Perspective offered on personnel reductions

  • Published
  • By Bob Fant
While some readers may recognize my name from environmental articles I have written in the past, today I'd like to offer a little perspective about the personnel drawdown we are about to go through.

As I sat through the civilian call that Col. Chris Crawford, 21st Space Wing commander, held Aug. 30, I was able to think back, as many of us in the room could, on our years working for our United States Air Force.

I spent almost 26 years on active duty as a civil engineer. I had the privilege of commanding three civil engineer squadrons, an expeditionary air base group, and the fire school at Goodfellow Air Force Base, Texas. I have worked in nine different major commands, moved through 11 permanent changes of station, and my wife is very quick to tell you she has lived in 16 different houses. I've been around the Air Force block a couple of times.

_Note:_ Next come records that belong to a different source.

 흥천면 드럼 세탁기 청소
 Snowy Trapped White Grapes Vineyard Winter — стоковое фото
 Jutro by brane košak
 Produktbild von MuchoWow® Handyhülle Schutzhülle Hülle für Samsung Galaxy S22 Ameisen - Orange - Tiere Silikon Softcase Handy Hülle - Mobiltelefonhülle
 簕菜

What we are about to experience -- another necessary money saving personnel action -- is nothing new. As I was beginning my active service in 1983, the Air Force was coming out of the Vietnam War drawdown and beginning the buildup of the Reagan years. Then with great fanfare and great television coverage, the Berlin Wall came down, the Cold War ended, and we experienced the "Peace Dividend." Just as the Peace Dividend was beginning to be paid out, Saddam Hussein invaded Kuwait.

In case you've lost count, our Air Force has been engaged in warfare in the Middle East in the air and on the ground continuously for more than two decades. After Desert Storm, Gen. Merrill McPeak, former Air Force chief of staff, worked hard to shrink the Air Force. The Air Force changed greatly as did the head count. Air Divisions went away as well as TAC, SAC and MAC, giving way to ACC and AMC. We've had three rounds of base closures. From the late 1980s to 1996 the Air Force shrank from 600,000 military personnel to 388,000. We also had commensurate drops in civilian end strength.

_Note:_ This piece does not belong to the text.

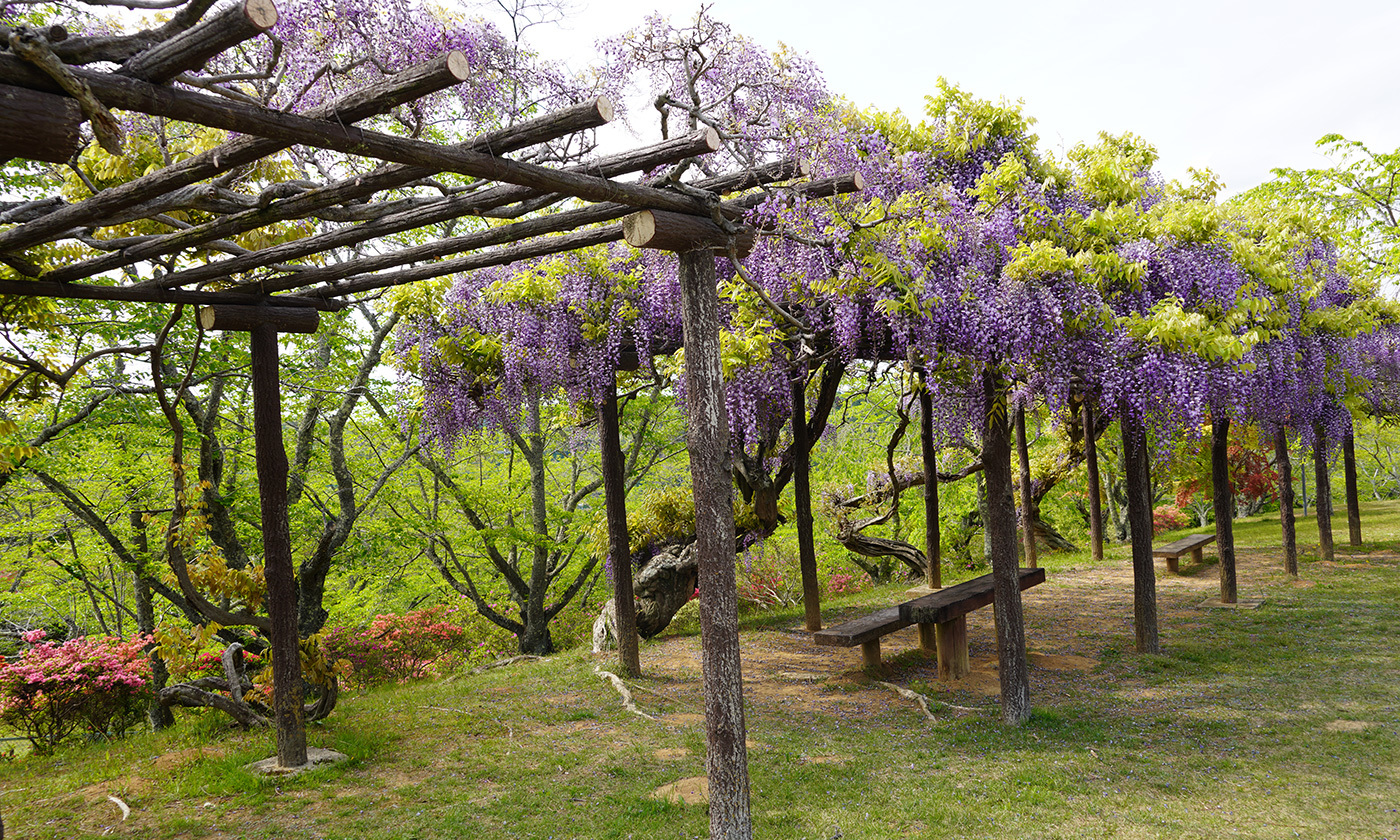 茨城県常陸太田市西山公園の藤棚の観光VRツアー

So, after almost 30 years of working for the Air Force, bases have closed, major commands have been shuttered and then reborn, weapon systems have come and gone and others, like the B-52, are pushing 60 years in operation, and thousands of great people served their country admirably. Through all of that, we are now and will continue to be the greatest Air Force the world has ever seen and, quite frankly, will ever see. To quote one of those great Air Force slogans that has come and gone, "No one comes close."

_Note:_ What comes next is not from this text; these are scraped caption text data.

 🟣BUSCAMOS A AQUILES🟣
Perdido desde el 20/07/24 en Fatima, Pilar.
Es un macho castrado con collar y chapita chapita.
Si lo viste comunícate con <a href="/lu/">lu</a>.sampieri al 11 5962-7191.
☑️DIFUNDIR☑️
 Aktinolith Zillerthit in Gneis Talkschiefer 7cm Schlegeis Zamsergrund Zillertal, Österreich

Bottom line: As the events of the upcoming days unfold some of us will go on to a much deserved retirement. Some may leave the Air Force and have tremendous opportunities open for them elsewhere, and there will be those us who stay at Peterson AFB. From my perspective this has happened before, and as before, those left behind will be part of a stronger Air Force, an Air Force better able to respond to the challenges of the future. We've been there, done this and we can do it again.